Crise econômica e disputas entre secularistas, islamitas e movimentos radicais atingem as nações que depuseram seus governos em 2011, enquanto Síria mantém impasse sangrento
iG São Paulo | 19/12/2012 05:00:35
Dois anos depois de uma mobilização popular na Tunísia ter desencadeado levantes no Oriente Médio e norte da África contra governos autocráticos, o movimento conhecido como Primavera Árabe parece ter-se tornado uma disputa em menor ou maior grau entre secularistas e islâmicos nos países onde as populações tiveram êxito em destituir seus ditadores de longa data: Tunísia, Egito, Líbia e Iêmen. Além disso, esses países passam por transições políticas tumultuadas e problemas econômicos.
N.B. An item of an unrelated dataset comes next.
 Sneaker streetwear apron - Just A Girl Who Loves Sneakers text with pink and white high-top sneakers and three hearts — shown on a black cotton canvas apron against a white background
Na Síria, onde um conflito sangrento se arrasta há 21 meses, a questão que surge é se a eventual deposição de Bashar al-Assad terá como sucessor um Estado secular ou um governo formado por forças radicais que estão em ascensão entre os grupos de oposição.
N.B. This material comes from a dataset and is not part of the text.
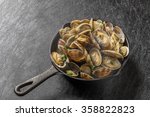 Iron Pan And Short Necked Clam...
Conheça a situação atual desses países na ordem cronológica das revoltas:
1. Tunísia
A Tunísia, o mais secular das nações do mundo árabe, tornou-se o epicentro dos levantes populares da Primavera Árabe ao pôr fim em 14 de janeiro de 2011 ao governo de 23 anos do presidente Zine El Abidine Ben Ali, que renunciou sob pressão de manifestações iniciadas quase um mês antes - em 17 de dezembro de 2010.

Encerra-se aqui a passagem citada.